Jakarta – The commission for Missing Persons and Victims of Violence (Kontras) yesterday in Jakarta revealed it's new investigation results from East Timor, concerning the violence which was conducted before and after the UN sponsored plebiscite. The results show evidence that the militia were paid by local administrators and the military.

Speaking to a press conference here, the chairman of Kontras' working body, Munir, summarised the findings of investigations in East Timor between late September and late October 1999. Munir said that the full reports will be given to KPP HAM as inputs to the effort of upholding the law.

These findings are evidence which proves the militia and military role in several incidents of violence before and after the UN sponsored plebiscite in East Timor. There is also evidence of the links.
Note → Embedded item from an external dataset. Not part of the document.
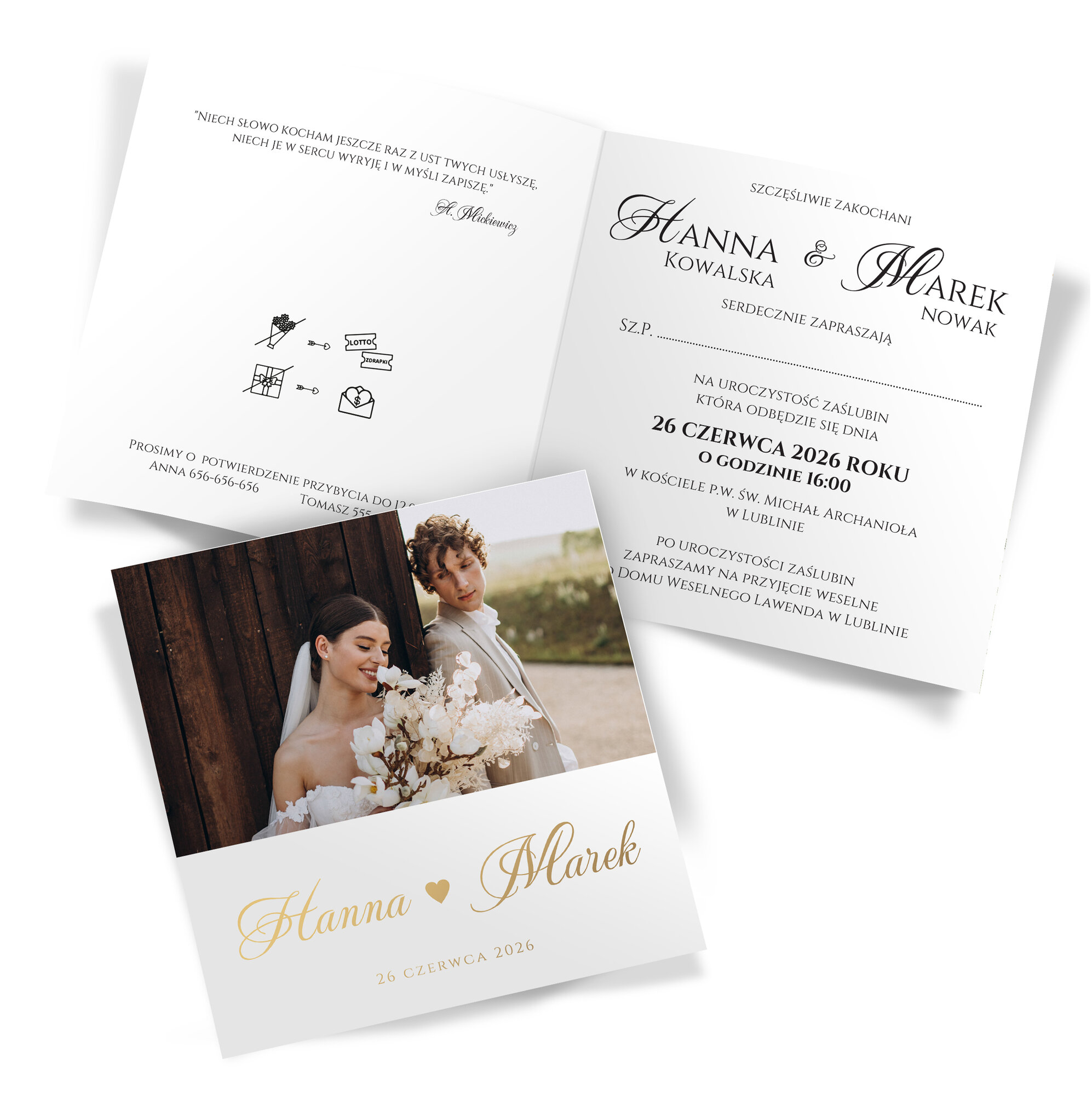 Złocone zaproszenia ślubne ze zdjęciem Nadia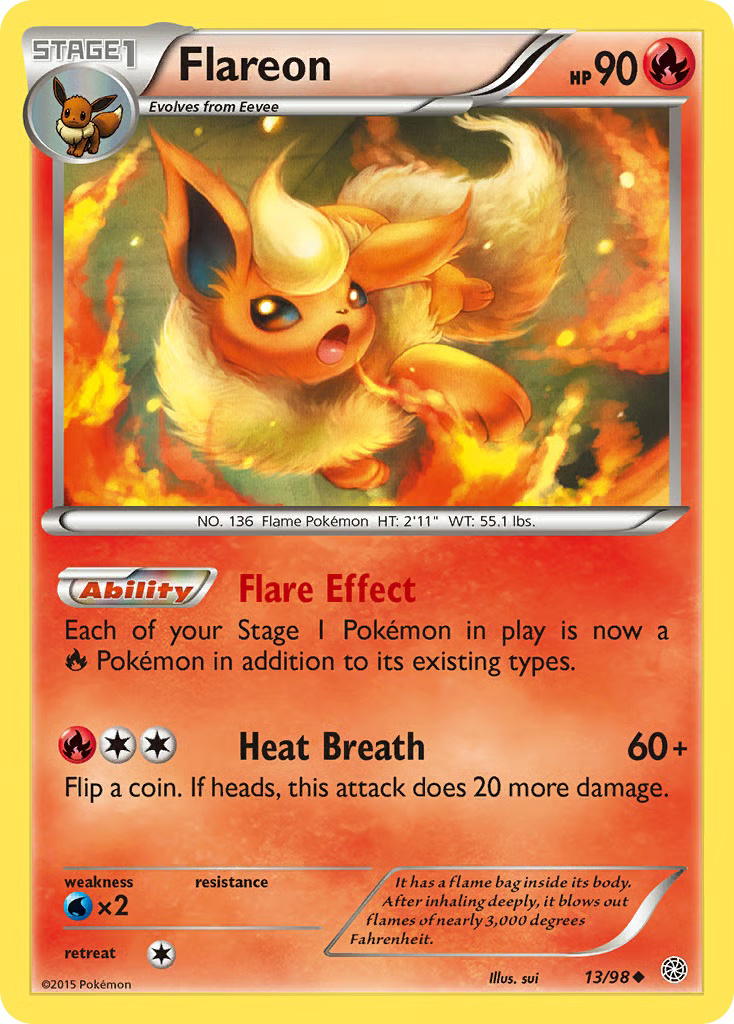 Pokemon Pokemon Flareon U [AOR 13/98] XY "Ancient Origins" [ReverseHolo] (EN)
"We found letters which described the activities of the militia and military, left abandoned in many 'concentration camps' and at their training sites. What surprised us most was finding a bundle of books which contained the militia salary records. The printed documents were filed neatly by a computer," he explained, and said that the records show that each militia member was paid as much as Rp. 150,000 per month.
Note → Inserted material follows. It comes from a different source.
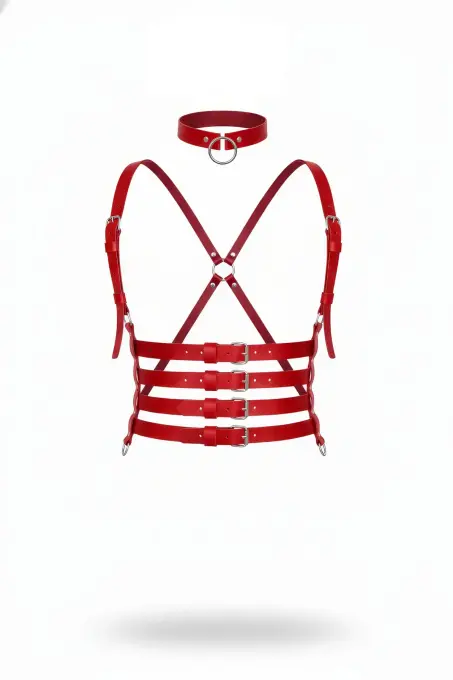 Kırmızı Kadın Kemer Çapraz Detaylı Çok Tokalı Harness - APFT609 - 1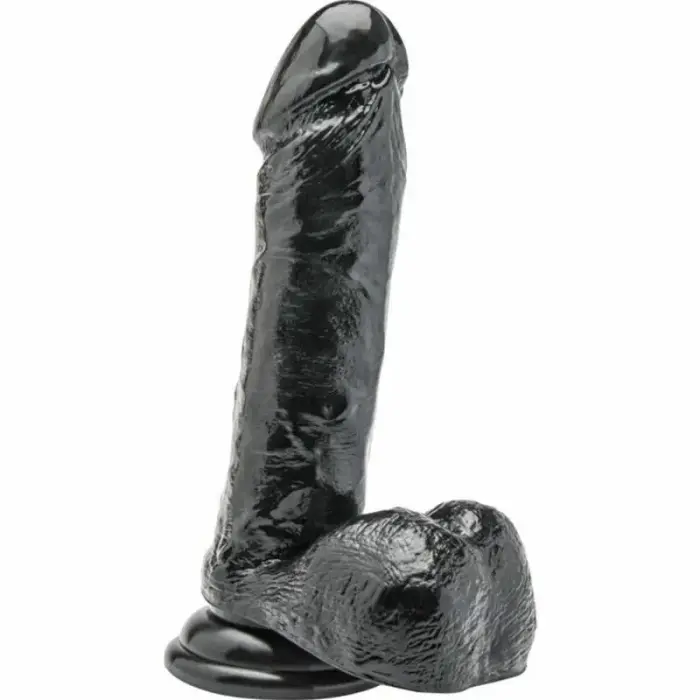 TOYJOY Get Real anatominis dildo su siurbtuku – 18 cm (7″) – juodas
According to Munir, it was very strange when someone [in this case the militiamen] was paid for fighting for his political beliefs. He disclosed that from the testimony of witnesses, the militia salaries were paid from local bureaucrats and administrators, either civil or military.
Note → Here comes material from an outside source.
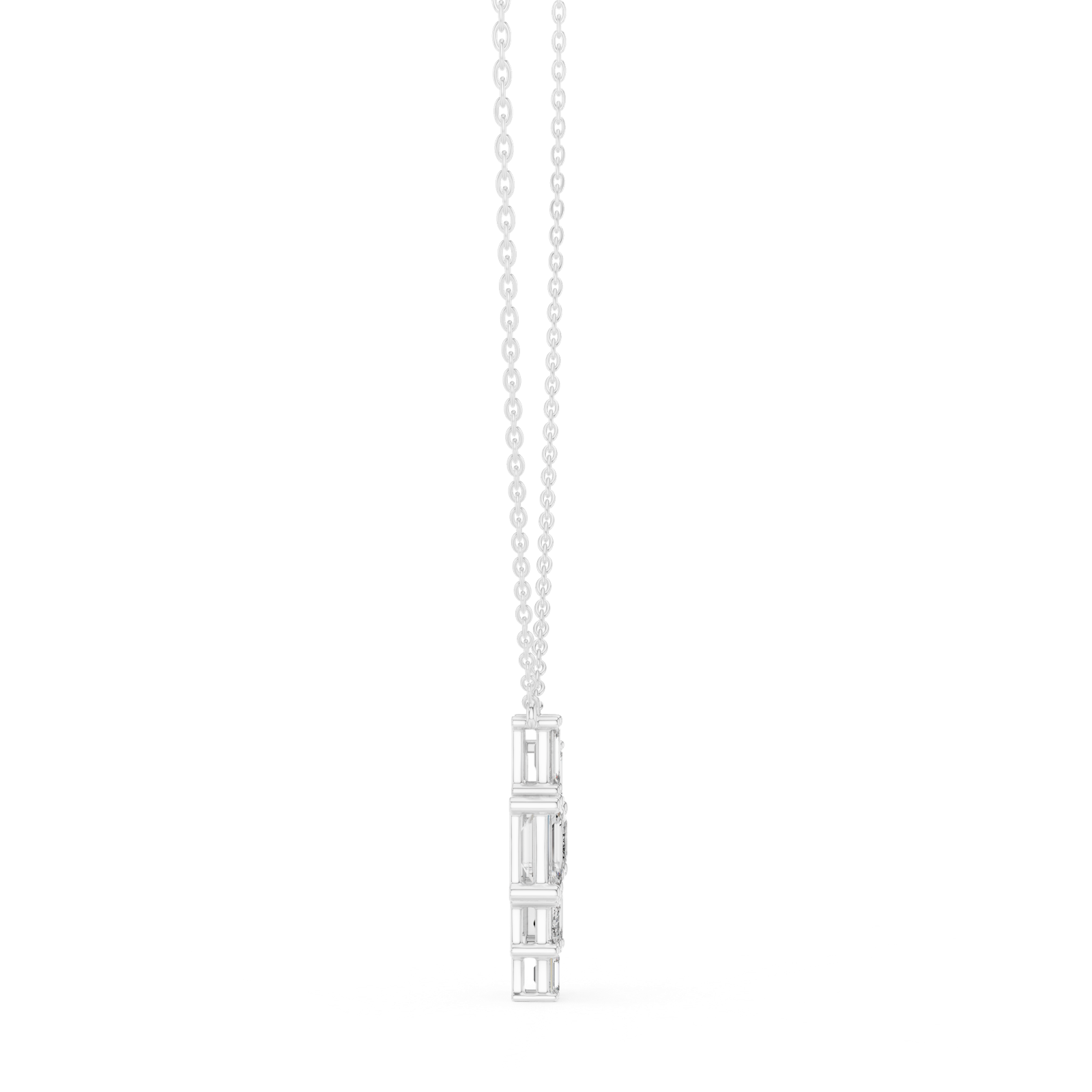 Gold Pendant GPD-0023, White Gold, view 3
He continued that Kontras also found some mass graveyards in different areas.

"These showed up from the landscape's physical form, scatterings of flowers which littered the sites and information from local residents." In respect of this evidence Munir said it needed more investigation because so far Kontras had not dug up graves to count the corpses.

Apart from that, Munir said that Kontras has learned that there was a long history of violence in East Timor from January to its peak from September 2nd to 10th.

"This process was closely related to the options which Habibie gave earlier this year," Munir said. He conveyed that this violent period hadn't been evaluated properly by the military and "It was not corrected by the military." Moreover, the martial law imposed in East Timor after the ballot was conducted had caused more havoc, arson and riots which displaced East Timor people as refugees to East Nusatenggara.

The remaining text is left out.